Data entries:
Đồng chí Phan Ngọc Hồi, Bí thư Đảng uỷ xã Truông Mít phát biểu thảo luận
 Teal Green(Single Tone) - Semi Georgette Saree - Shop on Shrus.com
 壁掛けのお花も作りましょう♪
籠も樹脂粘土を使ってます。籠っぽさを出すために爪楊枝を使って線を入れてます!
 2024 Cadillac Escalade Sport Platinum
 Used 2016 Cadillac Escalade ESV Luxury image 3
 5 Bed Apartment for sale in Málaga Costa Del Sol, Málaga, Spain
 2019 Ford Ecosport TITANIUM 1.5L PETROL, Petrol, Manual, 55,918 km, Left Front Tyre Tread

**Exercise objective:**
Print the line with "籠も樹脂粘土を使ってます。籠っぽさを出すために爪楊枝を使って線を入れてます!" and every line after it in the entries above, exactly as written. Leave out all other lines.

**Response for this exercise:**
籠も樹脂粘土を使ってます。籠っぽさを出すために爪楊枝を使って線を入れてます!
 2024 Cadillac Escalade Sport Platinum
 Used 2016 Cadillac Escalade ESV Luxury image 3
 5 Bed Apartment for sale in Málaga Costa Del Sol, Málaga, Spain
 2019 Ford Ecosport TITANIUM 1.5L PETROL, Petrol, Manual, 55,918 km, Left Front Tyre Tread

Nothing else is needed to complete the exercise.